Aneroid Mountain from Wing Ridge.

The fun begins when you begin to plan your day trips from camp. On the east ridge is Mount Melissa (9,128 feet), best reached by taking the trail south to the pass leading to Big Sheep Basin and then by working your way along Wing Ridge and high alpine fells. From the summit, you’ll get views to the Seven Devils in Idaho. At the southwest corner of the basin is Aneroid Mountain, Oregon’s ninth highest peak at 9,702 feet, and easily approached across the meadows and up past rugged formations to the ridge. Aneroid supports Oregon’s highest trees, some stunted krummholz whitebark pines in the summit area. The entire Wallowas’ panorama lies before you, including the well-known peaks of Eagle Cap, Matterhorn, Sacajawea Peak, and Pete’s Point. Aneroid and Dollar lakes sparkle below.

A more ambitious day hike will take you into the lovely Big Sheep Basin to the south to join the Tenderfoot Trail up along the Middle Fork Big Sheep. Then head northwest on the Bonny Lakes Trail past the lush, swampy Bonny Lakes to ascend to Dollar Pass. From here, you’ll have to head cross-country up and over Aneroid Mountain or its shoulder to get back to your campsite. Another cross-country loop will take you north from Aneroid to two other 9,000-foot prominences, Hidden and East peaks, on the long ridge west of McCully. Below East Peak, a user trail heads along the open slopes back to McCully Basin. A more grueling return to the McCully Trailhead would be to follow this ridge north to Mount Howard, and then to take the service road down from the tramway terminal to the trailhead. An overnight camp could be at a big spring on the northeast flank of East Peak, right on the user trail. This is favorite congregation spot for the local elk. And if you want to avoid those tramway crowds at Mount Howard, veer off the footpath from the last prominence before civilization and drop down an open ridge, passing above the dynamited adits of the Transvaal Mines, to intersect the maintenance track farther down.
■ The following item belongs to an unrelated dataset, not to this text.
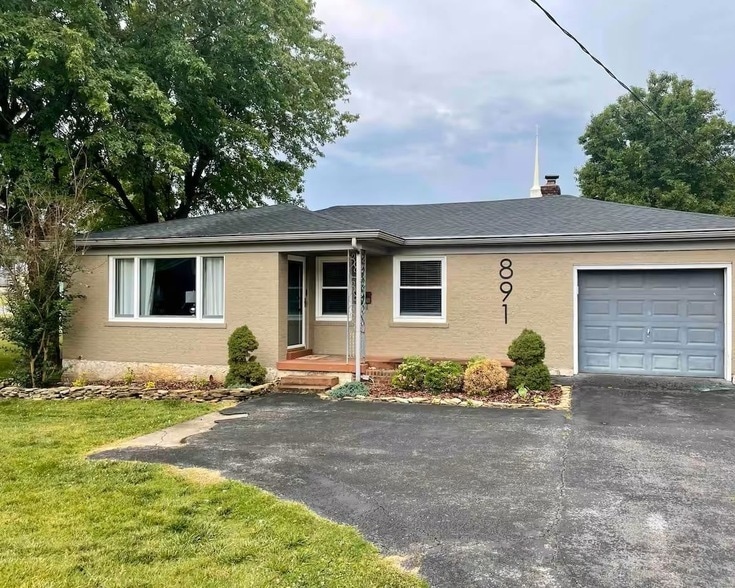 Photo - 891 E 10th Ave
Mountain goat on Wing Ridge.

So when to go? Normally, from mid-July to the first part of October are the prime months for McCully. In September and October, you may be sharing the basin with a couple of adventurous bow hunters. Mosquitoes tend to fade away after mid-August, but they can still be vicious in swampy areas like the Bonny Lakes until the first freeze. In a big snow year like 2017, it’s worth waiting a little longer until you head to the high country. In the last few weeks of summer, there will still be blooms: Lupine verges the main trail, grass-of-parnassus flowers in swampy areas, monument plants (gentian family) thrive near the McCully-Big Sheep Pass, arnica brightens the many seeps and springs, and buckwheat and mountain balm adorn the stony ridges. If you’re planning on doing cross-country travel, make sure you take emergency equipment and extra food with you. Keep yourself properly oriented at all times: It’s easy enough to follow the high ridges on a clear day, but should the clouds come down, you may have to resort to a GPS or compass to find your way back.